Aim of the task: If you see a picture in the data below, omit it and copy the rest exactly.

── Data excerpt

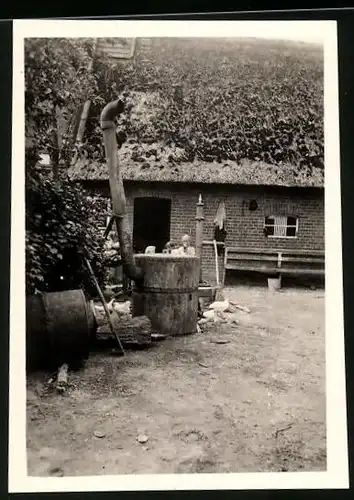 Fotografie unbekannter Fotograf, Ansicht Rondeshagen, Bauernhof um 1941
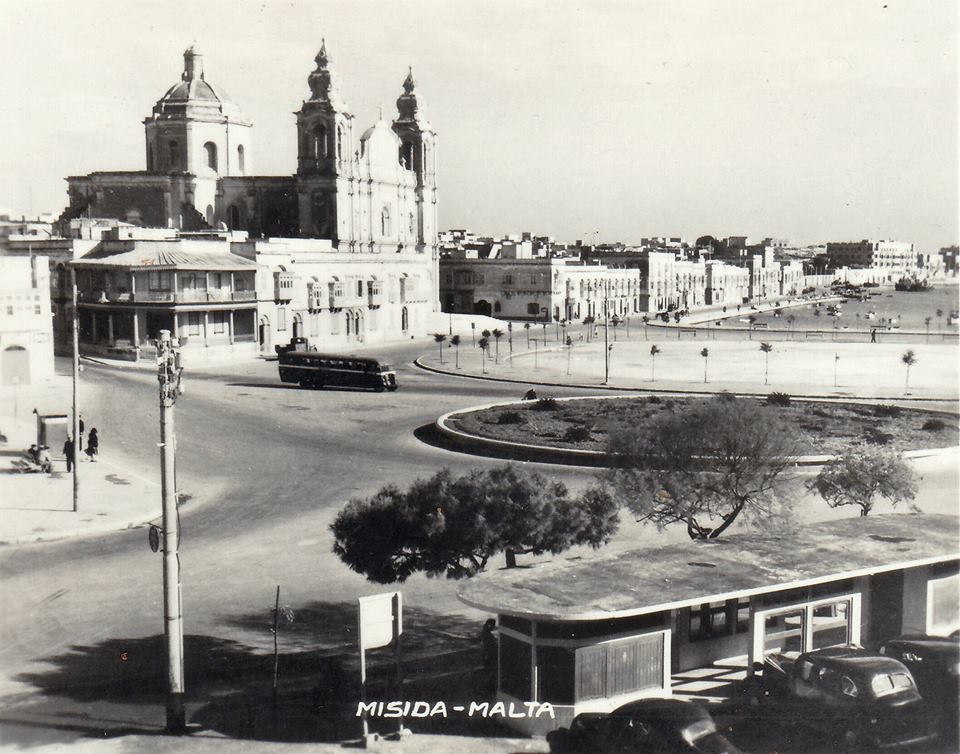 Archival photograph — description pending review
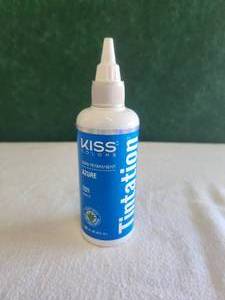 lot 17 image: Selection of 4 Kiss Colors - Tintation - Azure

────

Expected output:
 Fotografie unbekannter Fotograf, Ansicht Rondeshagen, Bauernhof um 1941
 Archival photograph — description pending review
 lot 17 image: Selection of 4 Kiss Colors - Tintation - Azure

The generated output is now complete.